WHAT YOU ARE ASKED TO DO: Starting at the line that contains "Картридж Bion Q2613A для HP LJ 1300 серии", please transcribe every line through the end of the entries, exactly and with no pictures.

Stored data:
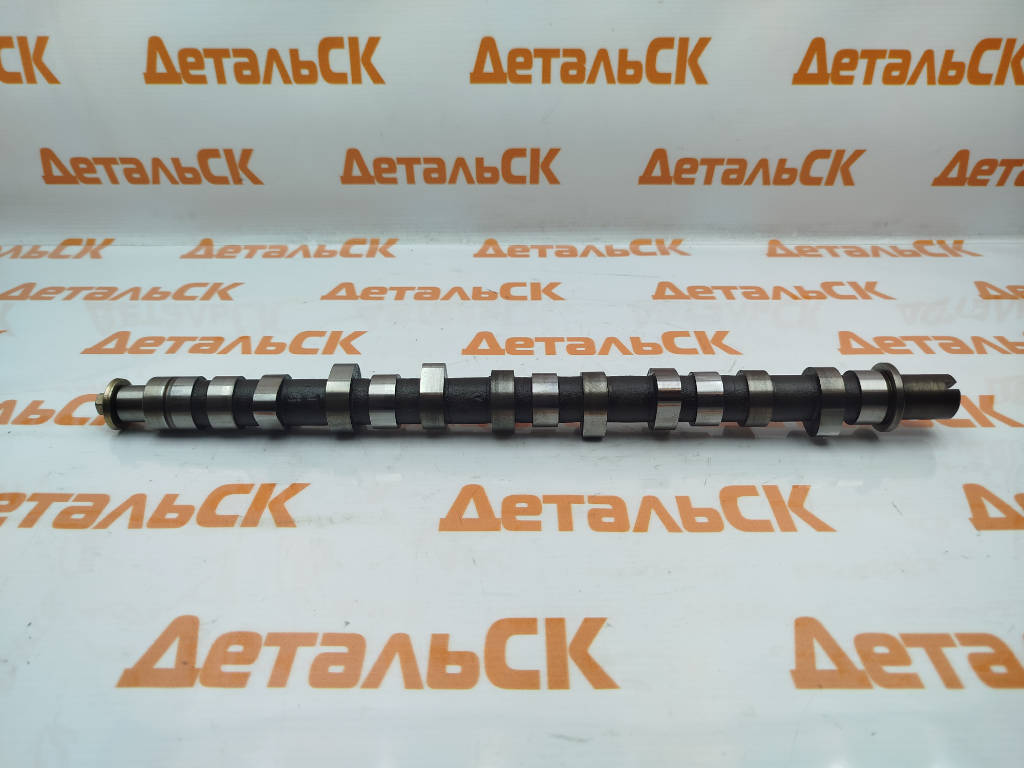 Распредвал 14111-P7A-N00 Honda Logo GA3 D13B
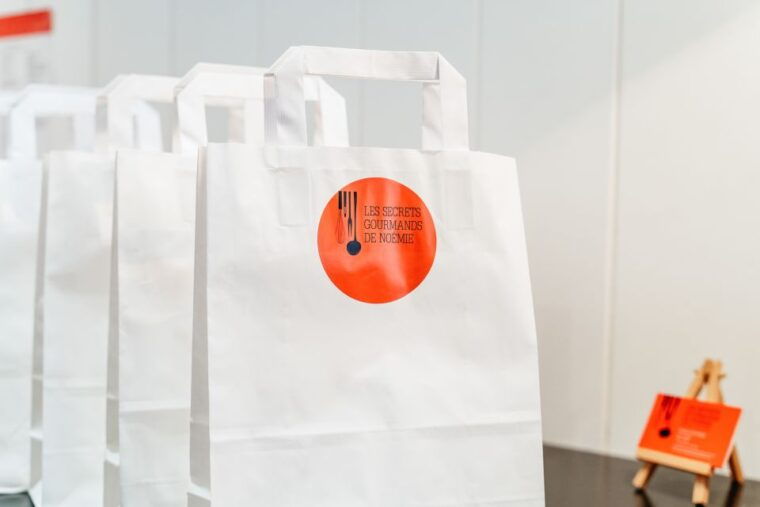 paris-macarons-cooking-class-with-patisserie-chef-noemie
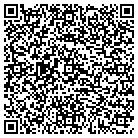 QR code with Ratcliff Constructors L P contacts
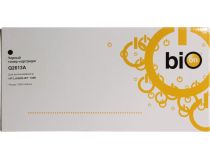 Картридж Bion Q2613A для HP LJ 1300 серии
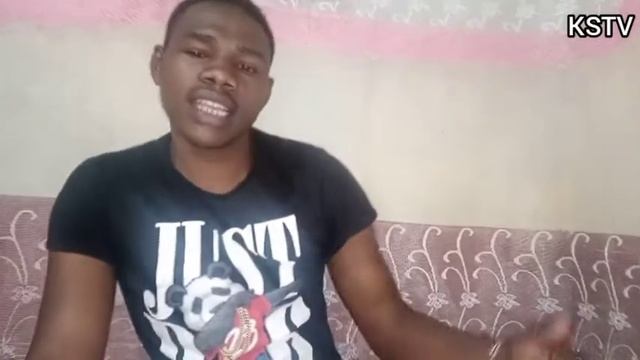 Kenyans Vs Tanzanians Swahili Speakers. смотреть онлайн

ANSWER TO THIS PROBLEM:
 Картридж Bion Q2613A для HP LJ 1300 серии
 Kenyans Vs Tanzanians Swahili Speakers. смотреть онлайн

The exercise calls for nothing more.